Après un examen attentif de toutes les réponses, j’ai le plaisir de désigner le capitaine Nicolas Muzzetto comme lauréat de ce Decision Game. Sa solution se distingue par une profondeur analytique exceptionnelle, qui débouche directement sur un plan d’action aussi pragmatique que professionnel.
Ce qui distingue l’approche du cap Muzzetto
De nombreuses solutions ont esquissé des plans d’action corrects. Mais le cap Muzzetto va encore plus loin. Il ne se contente pas de fournir une solution, mais aussi une analyse approfondie. Il commence par « cartographier » (selon ses propres termes) le dilemme dans toute sa complexité. Il identifie avec précision les tensions qui agissent dans cette situation :
- Le conflit personnel : sa propre « boussole morale » et les valeurs humanistes qui poussent à venir en aide.
- Le conflit professionnel : la loyauté envers la mission, l’armée et le pays, qui interdit de mettre la mission en danger.
- Le conflit juridique : le mandat de neutralité et d’impartialité face au devoir général de porter assistance.
Cette analyse approfondie est la pierre angulaire de sa solution et la distingue des autres. Alors que certaines propositions se concentraient sur une liste de contrôle procédurale, le cap Muzzetto a mis en évidence le cœur du problème éthique. Il reconnaît qu’une bonne décision dans ce cas ne consiste pas seulement à suivre des règles, mais aussi à mettre en balance des valeurs concurrentes.

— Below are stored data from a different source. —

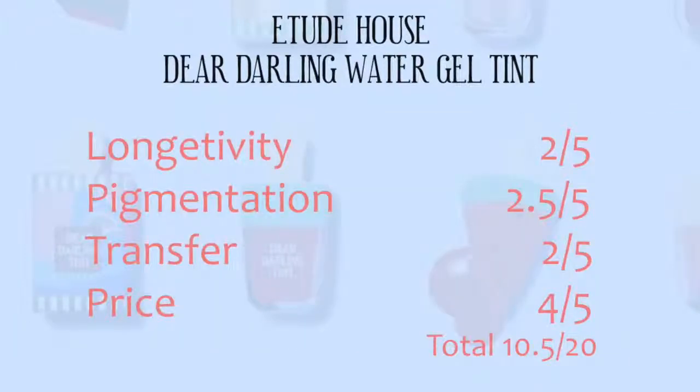So here comes the rating — I just have to be quite blunt, I'm sorry. Longevity is 2 out of 5 because it's not long lasting. Pigmentation is not as pigmented as I want it to be, though it depends on personal preference. Overall, I'm going to give it 10.5 out of 20. I hope you guys enjoyed these swatches — please thumbs up and subscribe if you want to see more. I'll see you next time, bye!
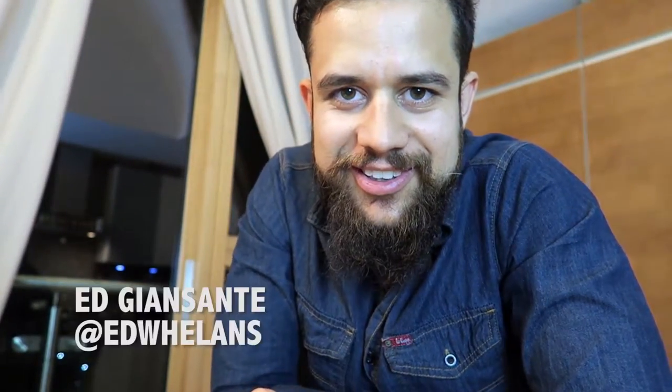Hey guys, how are you? Ed here today. I'm here to reveal a new product that I just got.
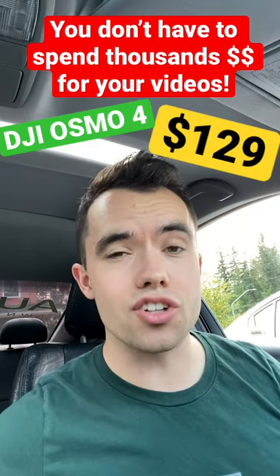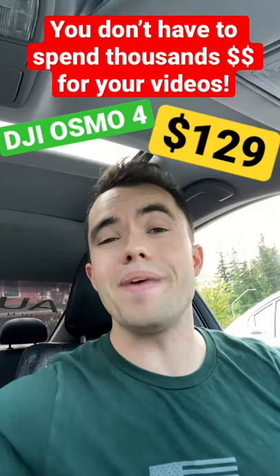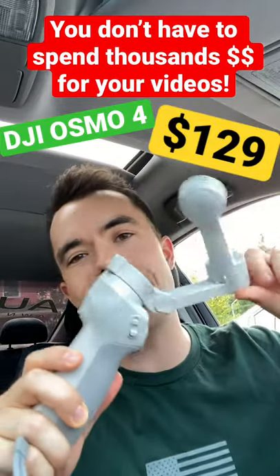Do you want to spend less than $150 and dramatically increase the production value of your videos and make them look so much more professional? Get a 3-axis gimbal — it doesn't have to be a big body mount or thousands of dollars.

De la réflexion à l’action : la solution supérieure
À partir de cette analyse claire, il élabore un plan d’action qui se distingue par son équilibre. Sa décision de considérer l’ouverture de la porte comme un « NO GO » absolu respecte le principe fondamental de l’autoprotection. Mais au lieu de sombrer dans la passivité, il propose une approche active, contrôlée et humanitaire :
- Négocier depuis une position sûre : la condition préalable est que les armes soient déposées et neutralisées.

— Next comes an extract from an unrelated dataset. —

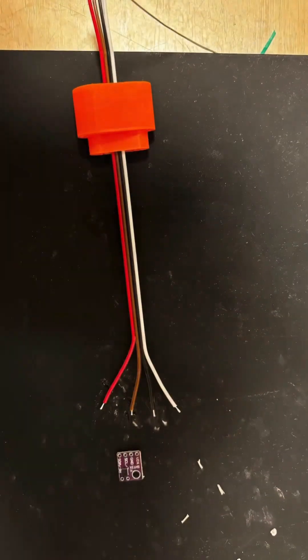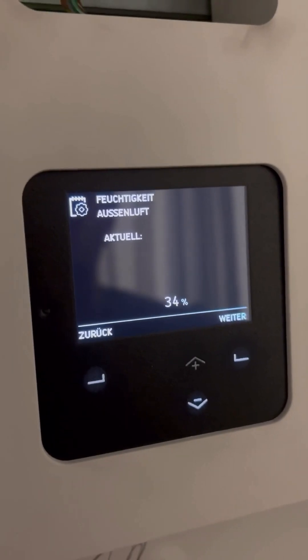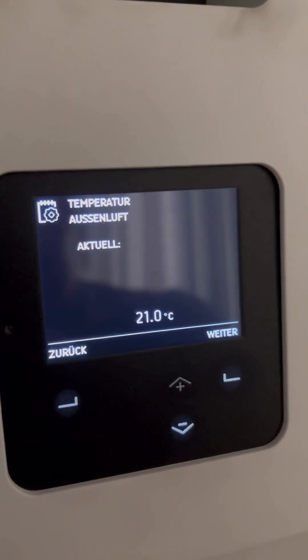The solution required some soldering, so he asked me to support him. Together we were able to fix the sensor and get the system up and running again. You can see that it now correctly displays the outside temperature and outside humidity again. Great solution!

- Aide calculée : remettre une trousse de premiers secours par une ouverture sans compromettre l’intégrité physique du poste.
- Escalade professionnelle : alerter simultanément la FNUOD afin de transmettre la situation à l’instance compétente et équipée pour y faire face.
Cette approche l’emporte car elle combine le meilleur de différentes perspectives : elle est humaine sans être naïve, elle est soucieuse de la sécurité sans être cynique, et elle est conforme au mandat sans ignorer la responsabilité humanitaire. Elle évite les erreurs d’autres propositions, qu’il s’agisse du dangereux dépassement du mandat, du traitement des hommes comme des prisonniers de guerre ou de l’attitude moralement insatisfaisante consistant à attendre passivement des instructions.
Le capitaine Muzzetto montre que dans l’éthique militaire, la meilleure action découle parfois de l’analyse la plus approfondie. Nous le félicitons pour cette performance et lui souhaitons une bonne lecture de «My War Gone By, I Miss It So» d’Anthony Loyd.